● What is being asked
For this exercise, copy out each line of the material below that includes "Blue".

● Dataset extract
#####

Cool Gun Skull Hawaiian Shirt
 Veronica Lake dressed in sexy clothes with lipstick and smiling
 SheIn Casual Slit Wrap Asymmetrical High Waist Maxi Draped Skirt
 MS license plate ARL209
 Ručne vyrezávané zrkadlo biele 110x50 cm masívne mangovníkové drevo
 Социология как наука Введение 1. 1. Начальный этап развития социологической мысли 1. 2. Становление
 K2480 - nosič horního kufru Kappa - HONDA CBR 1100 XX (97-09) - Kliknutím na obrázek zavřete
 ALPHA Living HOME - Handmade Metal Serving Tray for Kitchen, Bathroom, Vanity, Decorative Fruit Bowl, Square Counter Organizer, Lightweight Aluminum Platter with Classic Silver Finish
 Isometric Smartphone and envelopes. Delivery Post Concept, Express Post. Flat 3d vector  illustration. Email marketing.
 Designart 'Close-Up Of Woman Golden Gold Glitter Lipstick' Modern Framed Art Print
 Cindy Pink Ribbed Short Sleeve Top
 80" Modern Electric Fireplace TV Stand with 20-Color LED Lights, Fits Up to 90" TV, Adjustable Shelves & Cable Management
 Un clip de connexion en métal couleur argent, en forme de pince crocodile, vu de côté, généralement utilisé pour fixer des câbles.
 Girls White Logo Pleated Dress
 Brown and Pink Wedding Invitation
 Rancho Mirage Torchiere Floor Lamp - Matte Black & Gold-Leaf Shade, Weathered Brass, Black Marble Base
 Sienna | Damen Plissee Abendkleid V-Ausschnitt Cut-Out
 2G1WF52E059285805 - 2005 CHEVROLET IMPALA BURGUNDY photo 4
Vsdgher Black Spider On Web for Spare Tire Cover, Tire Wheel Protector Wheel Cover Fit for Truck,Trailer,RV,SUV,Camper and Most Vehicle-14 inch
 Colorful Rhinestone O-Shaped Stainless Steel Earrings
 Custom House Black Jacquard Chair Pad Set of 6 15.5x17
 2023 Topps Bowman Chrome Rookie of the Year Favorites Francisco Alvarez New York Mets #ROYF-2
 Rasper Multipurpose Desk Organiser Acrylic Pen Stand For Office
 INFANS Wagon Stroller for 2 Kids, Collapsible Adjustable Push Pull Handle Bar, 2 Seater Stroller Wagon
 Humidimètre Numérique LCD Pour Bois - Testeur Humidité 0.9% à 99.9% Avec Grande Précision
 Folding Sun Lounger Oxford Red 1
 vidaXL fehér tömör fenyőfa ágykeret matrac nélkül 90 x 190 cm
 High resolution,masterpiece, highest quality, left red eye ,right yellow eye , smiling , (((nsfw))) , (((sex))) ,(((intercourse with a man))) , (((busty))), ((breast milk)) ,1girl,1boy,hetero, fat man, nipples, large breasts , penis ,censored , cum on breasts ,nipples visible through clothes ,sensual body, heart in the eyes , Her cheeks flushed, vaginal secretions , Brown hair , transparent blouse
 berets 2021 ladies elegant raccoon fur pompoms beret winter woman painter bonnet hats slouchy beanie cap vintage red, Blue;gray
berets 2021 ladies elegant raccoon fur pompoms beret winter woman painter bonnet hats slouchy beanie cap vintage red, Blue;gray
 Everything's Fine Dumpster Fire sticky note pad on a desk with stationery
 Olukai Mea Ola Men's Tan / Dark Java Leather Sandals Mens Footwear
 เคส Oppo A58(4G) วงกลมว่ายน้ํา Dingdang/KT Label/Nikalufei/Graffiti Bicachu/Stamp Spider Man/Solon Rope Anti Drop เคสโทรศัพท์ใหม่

#####

● Completed exercise
 berets 2021 ladies elegant raccoon fur pompoms beret winter woman painter bonnet hats slouchy beanie cap vintage red, Blue;gray
berets 2021 ladies elegant raccoon fur pompoms beret winter woman painter bonnet hats slouchy beanie cap vintage red, Blue;gray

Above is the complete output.